Non è un momento semplice per il cancelliere in pectore, che deve formare presto un governo ma le alleanze con Spd e Verdi inquietano gli elettori a tutto vantaggio di AfD che insegue la Cdu a un solo punto. Inoltre dazi, difesa ed energia sono temi pericolosamente intrecciati con l’Ue, a fronte dei quali occorre un esecutivo forte e coeso
Che sarebbe stato un esercizio altamente complesso subentrare senza intoppi alla coalizione semaforo, Friedrich Merz lo sapeva molto bene. Ciò che non si aspettava, forse, era il così torbido intreccio con i temi legati alle politiche europee (difesa, energia, migranti, dazi) che stanno impattando sulle riflessioni “di larghe intese” fra i possibili alleati e che stanno favorendo la crescita continua di AfD in tutti i sondaggi post-voto. In Germania analisti, elettori e decisori sono accomunati da una consapevolezza, legata al quadro generale niente affatto semplice, dato da una economia in declino, da una migrazione fuori controllo e dalle istanze del mondo industriale scottato dalla crisi delle auto. La risposta di Cdu-Csu-Spd saprà essere all’altezza?
Le spine della Cdu
Una delle considerazioni che circola con insistenza nelle ultime settimane è quella legata al malcontento crescente all’interno della Cdu, dopo le prime intenzioni di spostare più a destra il partito centrista. Lo ha messo nero su bianco la Junge Union Köln (Unione dei giovani di Colonia) che ha scritto una lettera infuocata indirizzata a Merz. “Attenzione, si cambi rotta”, vergano i giovani democristiani teutonici, altrimenti la fiducia che gli elettori hanno riposto nel nuovo corso del partito potrebbe presto spegnersi. Dopo le elezioni federali del 2025 la Germania rischia una svolta storica, data dal fatto che secondo le ultime rilevazioni l’AfD è quasi alla pari con la Cdu di Merz. Il motivo? Non solo il trend costante dell’ultradestra ma due fattori su tutti: l’attuale lentezza con cui i partiti dell’Unione stanno provando a costruire un esecutivo basato su una piattaforma tematica comune e le emergenze legate alla contingenza, come dazi e guerra. Se si votasse nuovamente oggi, solo il 25% degli intervistati confermerebbe la fiducia a Merz, rileva il sondaggio “Trendbarometer” di RTL e NTV. Un campanello di allarme che va ascoltato, non fosse altro perché la complessità del momento internazionale richiede governi stabili, con maggioranze coese.
Da Berlino a Bruxelles
Il leader della Cdu è sotto pressione e i negoziati di coalizione si affiancano ad un problema di fiducia, ma di contro non ci sono altre strade al momento se non quella imboccata da Merz: l’unica coalizione senza la partecipazione dell’AfD che avrebbe la maggioranza nel Bundestag sarebbe quella tra Cdu/Csu, Spd e Verdi, ovvero con la metà degli alleati (il centrosinistra che ha governato fino a ieri) punito nelle urne perché ritenuto responsabile degli scarsi risultati del governo uscente guidato da Olaf Scholz.
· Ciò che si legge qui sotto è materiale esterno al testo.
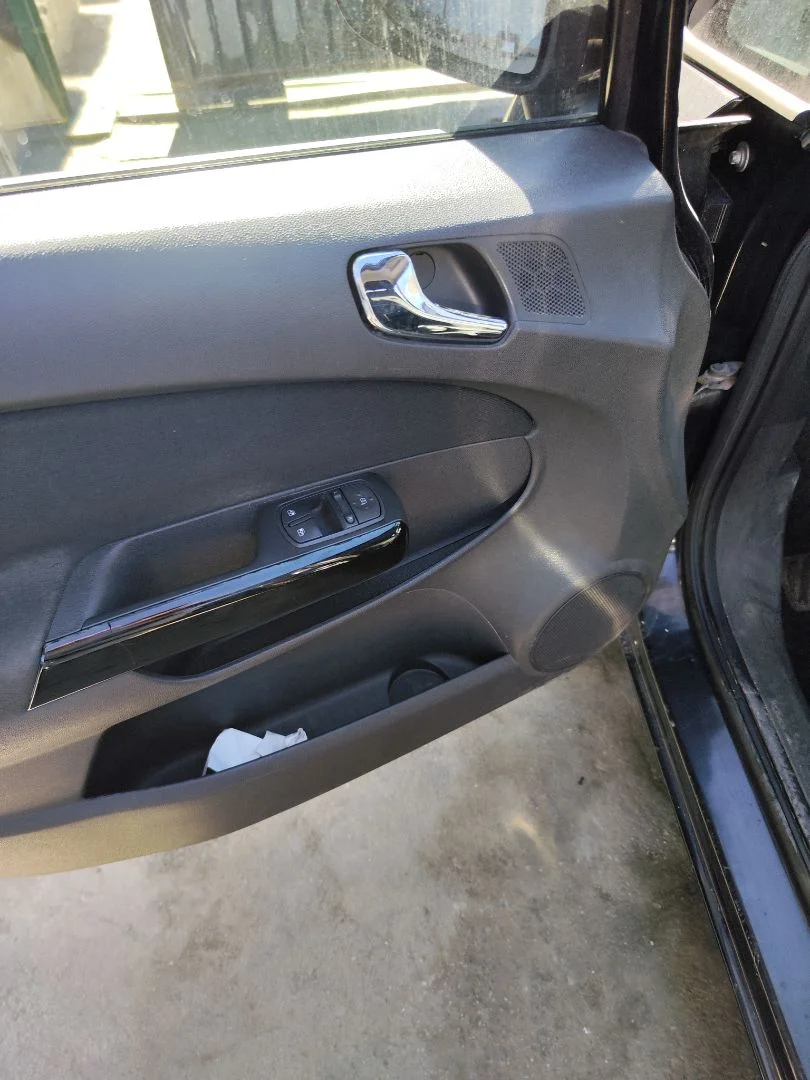 Foto de ELEVALUNAS DELANTERO IZQUIERDO OPEL CORSA D 1.2 16V CAT (Z 12 XEP / LB4) (80 CV / 59 KW)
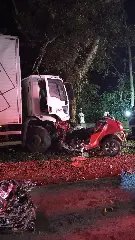 Acidente violento mata três e destrói carro - 2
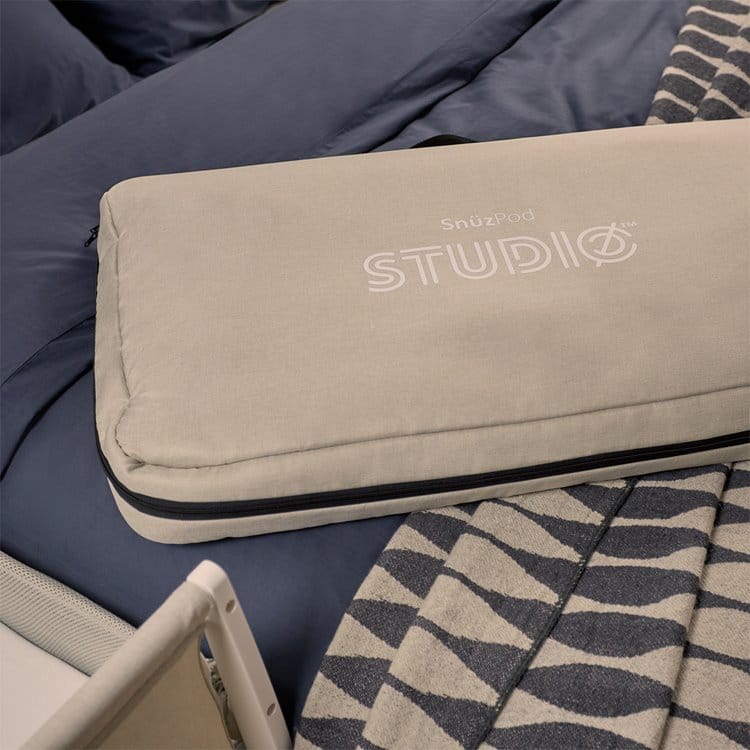 SnuzPod Studio Travel Bag - Image 4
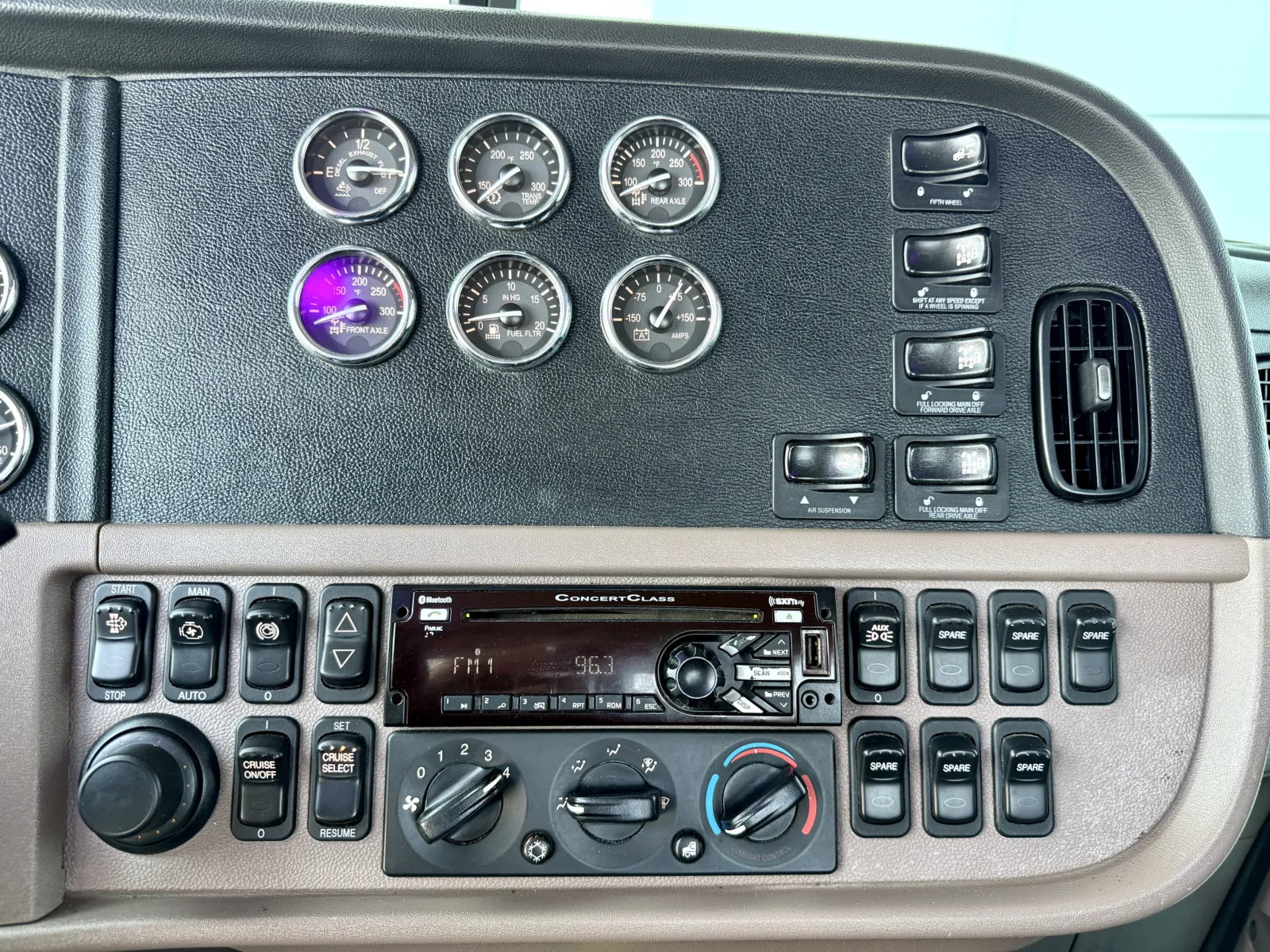 2020 Peterbilt 389 - image 18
Un corto circuito che potrebbe ritardare o complicare i piani europei legati al riarmo e ai dazi.
Nel Paese c’è chi resta allarmato per le nuove tariffe applicate dall’amministrazione americana e chi no, come il gestore patrimoniale Édouard Carmignac, decano degli operatori di borsa tedeschi, secondo cui la Germania dovrebbe essere grata a Donald Trump perché ci saranno nuove opportunità nel resto del mondo. Se da un lato sarà particolarmente colpita l’industria automobilistica tedesca, dall’altro già dallo scorso autunno i grandi marchi immaginavano di poter aprire una sede negli Usa, dopo averne chiuse alcune su suolo tedesco. Inoltre non festeggiano i quasi 3 milioni di dipendenti degli enti federali e locali tedeschi, dal momento che il contratto collettivo di lavoro tarda a concretizzarsi e potranno esserci una serie di scioperi a tempo indeterminato. Le proposte di conciliazione andranno valutate con il nuovo governo, che ancora non c’è.
Scenari
E veniamo alla difesa, non proprio un elemento secondario del dibattito interno (oltre che continentale): già lo scorso anno il governo Scholz aveva dato avvio ad una ristrutturazione del comparto del valore di 100 miliardi di euro. Oggi solo un terzo dei Paesi europei sostiene l’idea tedesca di consentire al Regno Unito e al Canada di partecipare a un programma da 150 miliardi per l’acquisto comune di armi, ma suscitando l’opposizione della Francia. Nel mezzo i ragionamenti sul Nord Stream 2 che, partendo dal tavolo diplomatico sull’Ucraina, impattano sullo scenario tedesco ed europeo. Il gasdotto sottomarino sospeso dal governo tedesco dopo l’invasione russa dell’Ucraina, potrebbe nuovamente dividere l’Europa per due ragioni: il vecchio continente in caso di riapertura offrirebbe denaro fresco a Mosca; i produttori tedeschi godrebbero di un vantaggio competitivo sugli altri. Tutti passaggi che necessitano di un cancelliere pienamente legittimato e di un governo federale solido.